Carla: Bom, eu vejo arte como algo que
transcende o universo oficial da arte, entendo que a arte é uma habilidade do
ser humano, coisa de gente. Nós cantamos, dançamos, pintamos e encenamos desde
os primórdios da humanidade, então me incomoda pensar na arte dentro dos
limites das “cenas de arte” por que uma parte muito grande fica de fora… Então
vou falar o que acho a partir dessa
premissa. Acho que Macapá, e o Amapá como um todo, tem uma gente muito potente,
que dentro ou fora de circuitos oficiais é pouco estimulada a se expressar
artisticamente e a consumir produções artísticas.Sou professora de artes e várias
vezes já me peguei triste com o desprezo
que o fazer artístico recebe por muitos jovens macapaenses, o que claro não se
separa do fato de não haver políticas públicas voltadas para a expressão
artística da juventude ou mesmo qualquer
outro tipo de expressão desta parcela
tão importante da sociedade que é a maioria por aqui.

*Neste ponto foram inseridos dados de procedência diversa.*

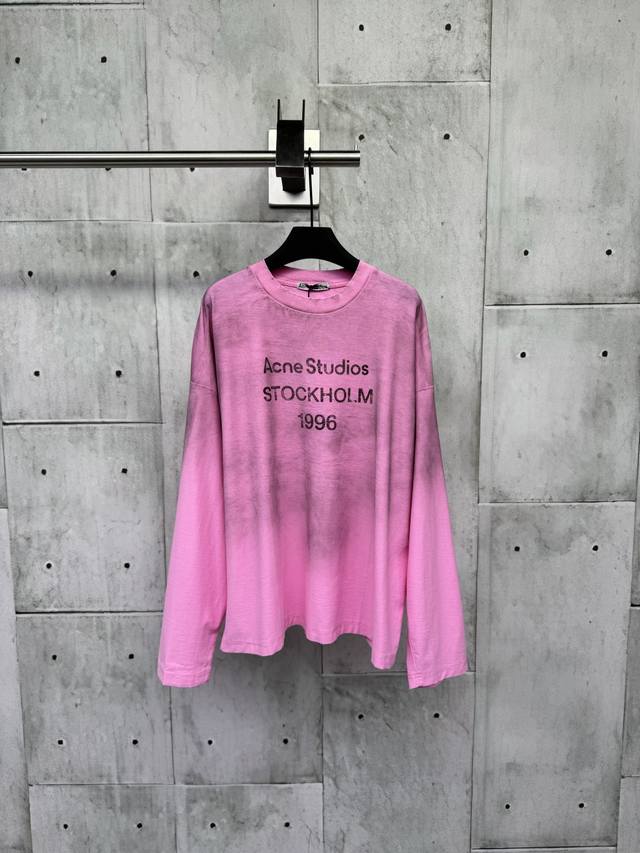 Acne Studios 1966泥染水洗做旧长袖工艺说明：采用选用超柔纯棉面料，成衣染色水洗做旧工艺，把胸前的部分做出脏脏的感觉，与下半部分呈现了渐变的效果领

Somos um estado que nasceu de
outro e percebo que por conta disso a cultura e identidade local constantemente
apresenta crises existenciais, pois não somos Pará, mas viemos de lá, então a
origem é a mesma, temos em comum, entre outras coisas, muitos hábitos,
estéticas, expressões e linguagens e esse fato diz muito de nossa história e
cultura apesar de ser ignorado e esvaziado por aqui, talvez falte a gente
enquanto macapaense olhar mais fundo pra gente mesmo, nossa história, nossas
realidades atuais, nossa gente e se apropriar disso como vem fazendo o Pará de
forma muito bonita.
Os últimos anos são também os
anos em que comecei a me entender melhor enquanto ser social e a ter contato
com a cena local, então nem me sinto com uma visão tão ampla da coisa a ponto
de traçar uma avaliação da cena da arte daqui. Mas um fato é que eu gostaria
que a arte /cultura indígena ocupasse o espaço que é dela enquanto uma das
culturas originárias de nosso estado e do nosso país, sinto muita falta dessa
referência que é uma bagagem que nos constitui e creio que apagar ou ignorar
essa dimensão da arte e cultura brasileira é apagar um pouco da gente. Já tive
alguns alunos indígenas e foi surpreendente e triste pra mim entender que
muitos deles tinham vergonha de afirmar suas identidades, preferiam evitar
falar seus sobrenomes que revelavam suas etnias e não respondiam com orgulho
sobre os contextos de suas origens quando indagados. São pontos a serem
superados, não só em nossa cidade.
Ilustração vencedora do concurso de desenho promovido pelo Pela e Pergaminho em 2017 |
Creio que pela pouca idade do
Amapá as políticas públicas voltadas ao estímulo e fomento da arte sejam tão
raras (ou seriam inexistentes?) e isso faz com que recaia para as iniciativas
independentes muito da força da expressão artística local atual, os movimentos
alternativos, grupos, espaços artístico-culturais como o Espaço Caos - Arte e
Cultura, a Casa das Palavras, a Casa Fora do Eixo, agora mais recente o Ateliê
Índigo, o Traço Simples Ateliê de Arte, o Festival Imagem-Movimento, o
Liberdade ao Rock, o Sereia-abacaxi, a Casa Circo, o falecido Catita Clube,
inúmeros grupos de teatro, inúmeras bandas, grupos de dança, performance,
galera do rap, do grafitte, contadores de história, realizadores audiovisuais
independentes, etc. Isso acaba sendo muito fértil, por um lado, porque é nessa
dimensão do produzir autônomo que se cria com mais liberdade e se busca
construir projetos que surgem da nossa realidade, fazem sentido em nossos
contextos e são repletos de significados pra gente enquanto macapaense. Claro
que há muito o que caminharmos, como enfatizei no início, mas também vejo esse
quadro como um motor para o surgimento de mais e mais iniciativas na área. O
difícil é manter o pique para conseguir dar longevidade a essas iniciativas
independentes, visto a gama de missões que acabamos precisando dar conta.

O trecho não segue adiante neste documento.